Table 3 shows the results of the agicide test for the vertical pattern dust mite, two compounds were applied at 1.0 mg, 0.5 mg, 0.10 mg, 0.05 mg, 0.03 mg, 0.01 mg, 0.004 mg, 0.0025 mg treatment level and The color change of the tick was shown. 1,4-benzoquinone and 1,4-dihydroxynaphthalene discolored all the mole dust mites to black (or black-brown) regardless of worms and live insects at all concentrations used between 1.0 and 0.0025 mg ( 1). Control groups benzyl benzoate and dibutyl phthalate did not discolor the tick (Figure 2).

compound Salvage rate (mean ± standard deviation,%) Treatment Concentration (mg / tube) 1.00 0.50 0.10 0.05 0.03 0.01 0.004 0.0025 1,4-benzoquinone 100a 100a 100a 100a 100a 74.1 ± 1.3b 9.3 ± 0.3b 0b Tick color Black color Black color Black color Black color Black color Black color Black color Black color 1,4-dihydroxynaphthalene 100a 100a 100a 100a 100a 100a 100a 100a Tick color Black color Black color Black color Black color Black color Black color Black color Black color Benzyl benzoate 100a 100a 32.0 ± 1.9b 0b 0b 0b 0b 0b Tick color invisible invisible invisible invisible invisible invisible invisible invisible Dibutyl phthalate 100a 100a 62.2 ± 1.6b 29.9 ± 1.7 b 0b 0b 0b 0b Tick color invisible invisible invisible invisible invisible invisible invisible invisible

Table 4 shows the results of the agicide test for the large dust mite, the two compounds 1.0 mg, 0.5 mg, 0.10 mg, 0.05 mg, 0.03 mg, 0.01 mg, 0.004 mg, 0.0025 mg at the treatment level and tick Color discoloration of 1,4-benzoquinone and 1,4-dihydroxynaphthalene discolored all the large-legged dust mites to black (or black-brown) regardless of worms and live insects at all concentrations used between 1.0-0.0025 mg ( 1). Discoloration was not observed in the use of two control acaricides (benzyl benzoate and dibutyl phtalate) for the large-legged dust mites.
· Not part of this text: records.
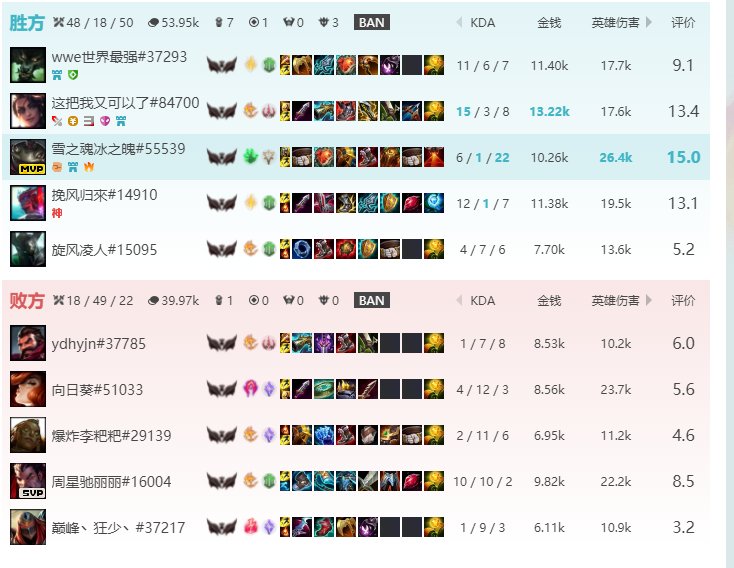LOL新版本发现一个爹，大家可以尝试尝试。。。3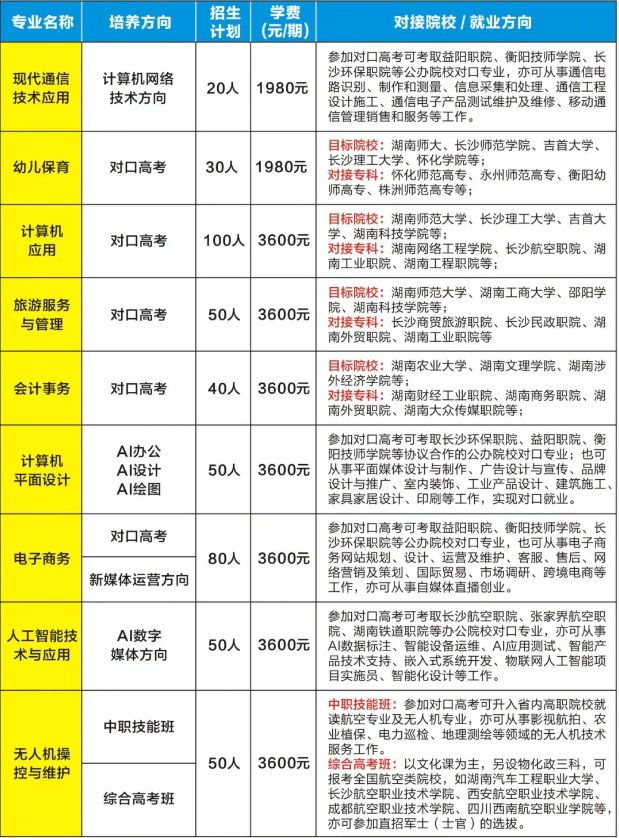 2025年正雄职校招生计划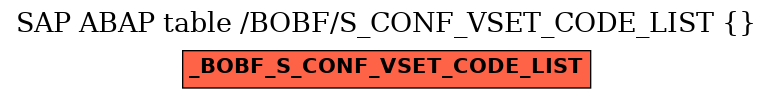 E-R Diagram for table /BOBF/S_CONF_VSET_CODE_LIST ( )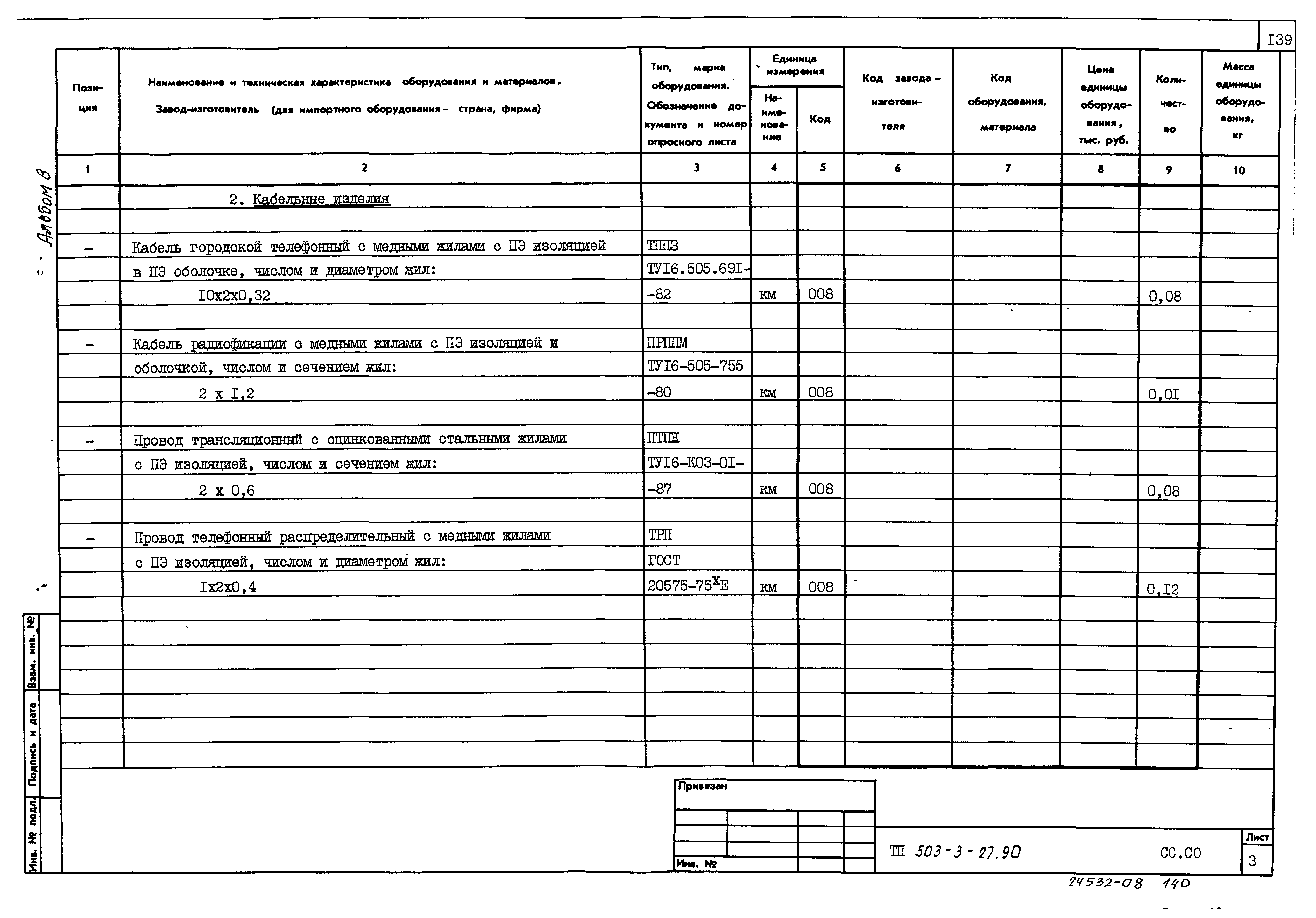 Типовой проект 503-3-27.90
As mentioned above, the acaricide compound of the present invention has excellent acaricide activity, in particular 1,4-benzoquinone and 1,4-dihydroxynaphthalene are black or black all ticks regardless of necrosis and insects. It can be discolored brown and used as a tick indicator.

Claims (8)

1,4-Benzoquinone, 4-dihydroxynaphthalene, 8-Hydroxyquinaldine, alpha-Naphthoquinoline , Alpha-naphthoquinone, quinaldine, quinazoline, quinoline, quinoline-4-carboxaldehyde, 8-quinolinol -Quinineol) and quinoxaline (Quinoxaline) at least one selected from the group consisting of acaricidal compound. The method according to claim 1, wherein the acaricidal compound has an acaricidal effect against the vertical pattern dust mite ( Dermatophagoides pteronyssinus ) or a large leg dust mite ( Dermatophagoides farinae ). 1,4-Benzoquinone, 4-dihydroxynaphthalene, 8-Hydroxyquinaldine, alpha-Naphthoquinoline , Alpha-naphthoquinone, quinaldine, quinazoline, quinoline, quinoline-4-carboxaldehyde, 8-quinolinol -Quinolinol) and quinoxaline (Quinoxaline) acaricide comprising at least one compound selected from the group consisting of. A pest display compound containing 1, 4- benzoquinone or 1, 4- dihydroxy naphthalene. The compound according to claim 4, wherein the pest is selected from the group consisting of mites, greenhouse dusts, spotted mites and aphids. A pest labeling method comprising inducing a color change of a pest by applying the pest display compound according to claim 4 or 5 to the pest. The pest labeling method according to claim 6, wherein the pest is a worm or a live insect. An acaricide comprising a compound for displaying pests according to claim 4 or 5.